Cuenta Aristóteles que la Filosofía surgió de la admiración. Quien se admira, reflexiona el pensador griego, se pregunta y para la existencia de la Filosofía resulta fundamental ese cuestionamiento. Pero quien se admira, también y ahora reflexionamos nosotros, es porque mira desde fuera. Efectivamente, solo es posible admirarse cuando se está fuera de la realidad ante la cual uno se admira pues quien se identifica con ella, quien vive acostumbrado a la misma, podrá mirarla pero no desde luego admirarla. La identificación, como ante ese cielo siempre azul desde pequeños y aplacada así la sorpresa por la costumbre, lleva a no preguntarse algo fundamental: ¿por qué es azul?

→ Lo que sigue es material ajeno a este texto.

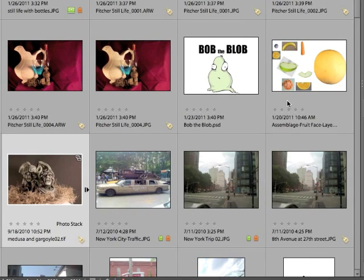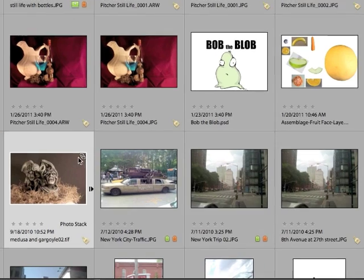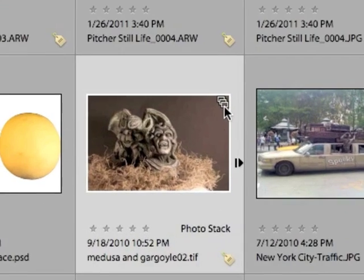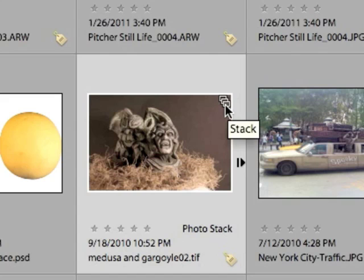You'll notice that instead of taking up three spaces in the media browser, they now only take up one. There's also a small little icon in the upper right hand corner of the image. It's basically three images side by side overlapping each other, and this indicates that they're stacked.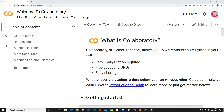Hello everyone and welcome to this video on the Python programming language and machine learning. In this video, we're going to create a program that can detect if an individual has Parkinson's disease. I'm currently on Google's website colab.research.google.com because it makes it really easy to start programming in Python — all you have to do is log in using your Google account and get started.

Durante la semana anterior han pasado muchas cosas, pero, curiosamente y frente a lo que podía pensarse en un principio, unidas por un punto determinado. La memoria (selectiva) histórica, la loa a la bandera –túeresrojatúeresgualda- de Rajoy, el aniversario de la muerte del totalitario Che, la existencia de Público, la persistencia, cada vez más exarcebada, del nacionalismo… Aparentemente todas esas realidades corresponderían a una realidad diferente, merecerían un análisis distinto. Eso es cierto. Pero también lo es que formalmente, en cuanto a la estructura de la forma de pensar que delatan, podrían estudiarse conjuntamente. Pongamos un ejemplo: podemos estudiar cada animal como una especie distinta y sería cierto, pero, al tiempo, podemos fijarnos en alguna realidad estructural para ver sus características comunes: por ejemplo, la existencia de una columna vertebral. Del mismo modo, todos estos hechos son distintos pero podríamos buscar algo que les una: el proceso de pensamiento identitario, de mito.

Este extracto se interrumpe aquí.